A record medium in which a program that directs a computer to execute the procedures described below has been recorded is useful as a record medium containing ischemic condition identification program. The term "ischemic condition identification program" used herein refers to a program that is able to identify the stage of ischemic conditions (i.e., early stage, intermediate stage or late stage) in a test sample when the test sample has been suspected to be under ischemic conditions or evaluated as being under such conditions. This program comprises (a) procedures to input expression level data or expression profile data of a test sample; (b) procedures to record the input data; (c) procedures to check this recorded data with already recorded expression level data or expression profile data under ischemic conditions; (d) procedures to determine whether the test sample is under ischemic conditions or not based on the checking results obtained in (c); and (e) if the test sample has been determined as being under ischemic conditions, procedures to identify the clinical stage of the ischemic conditions of the test sample based on the checking results obtained in (c). By analyzing the gene expression data of a test sample using a computer in which the above-described problem has been installed, ischemic conditions can be identified.

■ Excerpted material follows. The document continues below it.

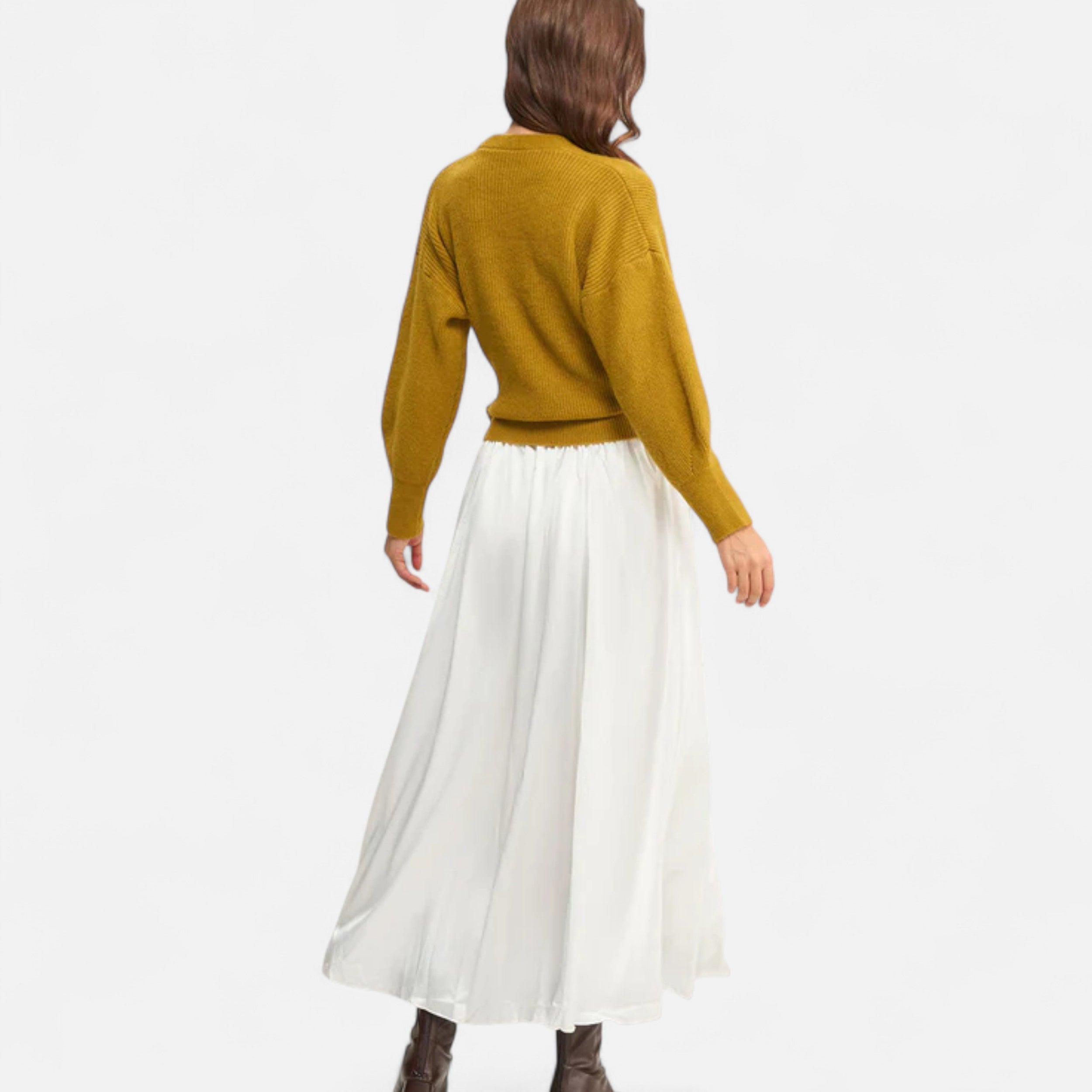 Orvelle Club | Women’s V-Neck Drawstring Knit Cardigan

The ischemic condition identification program of the invention comprises (a) means for analyzing expression levels of genes isolated from test cells; and (b) means for predicting whether or not individual test samples are under ischemic conditions or not, using the analysis results obtained by (a) as an indicator. The analysis means (a) is composed of means for detecting individual expression levels of a plurality of genes in test cells or tissues (also called "detection engine"), and means for analyzing the resultant values detected (also called "analysis engine").

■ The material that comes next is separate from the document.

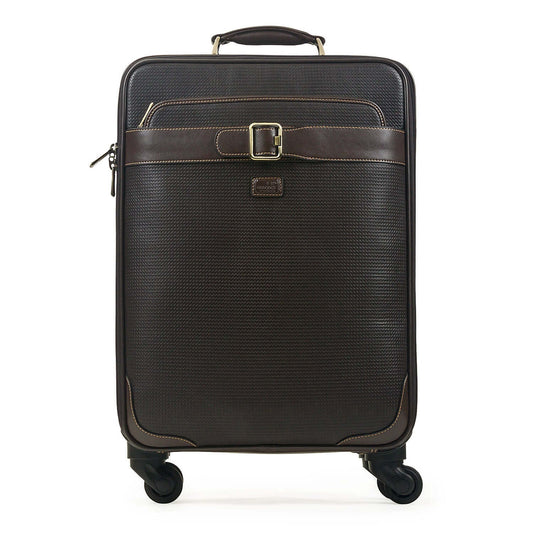 Leather Full Grain 4 wheel Trolley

(1 ) Detection Engine for Gene Expression

In the present invention, when expression of genes has been detected, the detection data may be digitalized and used as digital information. The digitalization is performed by converting, for example, fluorescence intensities detected on DNA chips into numerical values.

(2) Analysis Engine

Analysis engine is a means for performing analysis processing by multivariate analysis such as cluster analysis, based on the data (i.e., amounts of gene expression) obtained by the detection engine. Cluster analysis, which is a technique used in the field of multivariate analysis, collects and classifies "similar objects" from a large number of objects (i.e., samples) to be observed based on specific calculation criteria (assess criteria). In other words, cluster analysis merely "classifies" a large number of samples observed by putting samples similar to each other into one group.

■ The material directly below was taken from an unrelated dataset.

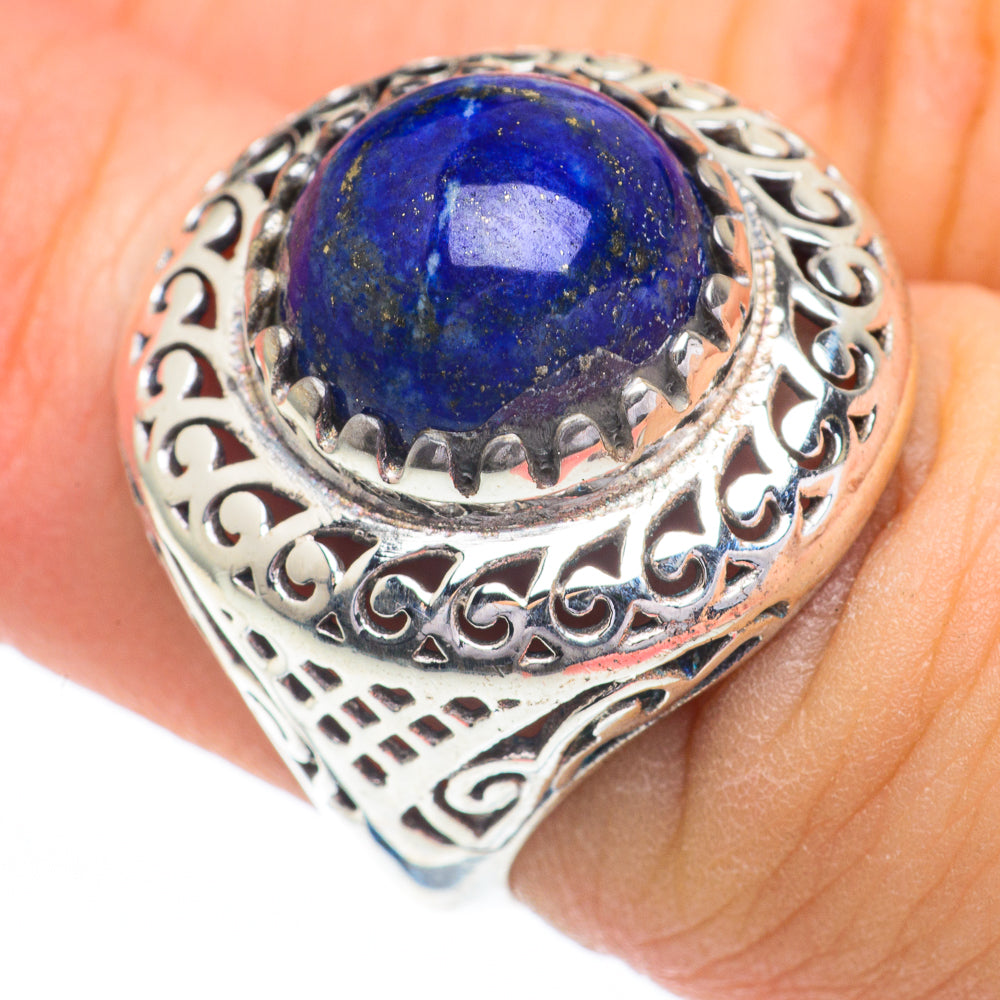 Lapis Lazuli Rings handcrafted by Ana Silver Co - RING60884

In order to perform cluster analysis based on the detection data, "distance matrices" that represent similarities between samples are created. As the distance, Euclidean distance, weighted Euclidean distance, standard Euclidean distance, Pearson's product- moment correlation coefficient, or the like is calculated. The concepts of these distances are known, and an appropriate distance may be selected depending on the purpose of cluster analysis. Based on the concept of the above-mentioned distance, distances between clusters or distances between a cluster and objects are calculated, followed by amalgamation of clusters (i.e., two clusters are linked together). Methods of amalgamation are known, e.g., the nearest neighbor method, furthest neighbor method, centroid method, or Ward's method.

By the above-described procedures, clusters which are in the "shortest distance" relation are linked together as "similar" clusters to thereby generate new clusters of a higher level. When clusters at one level have been generated, distances between clusters are calculated again to create distance matrices. Then, by searching for two clusters at the shortest distance, new clusters at a higher level are generated. Thus, a dendrogram is created finally.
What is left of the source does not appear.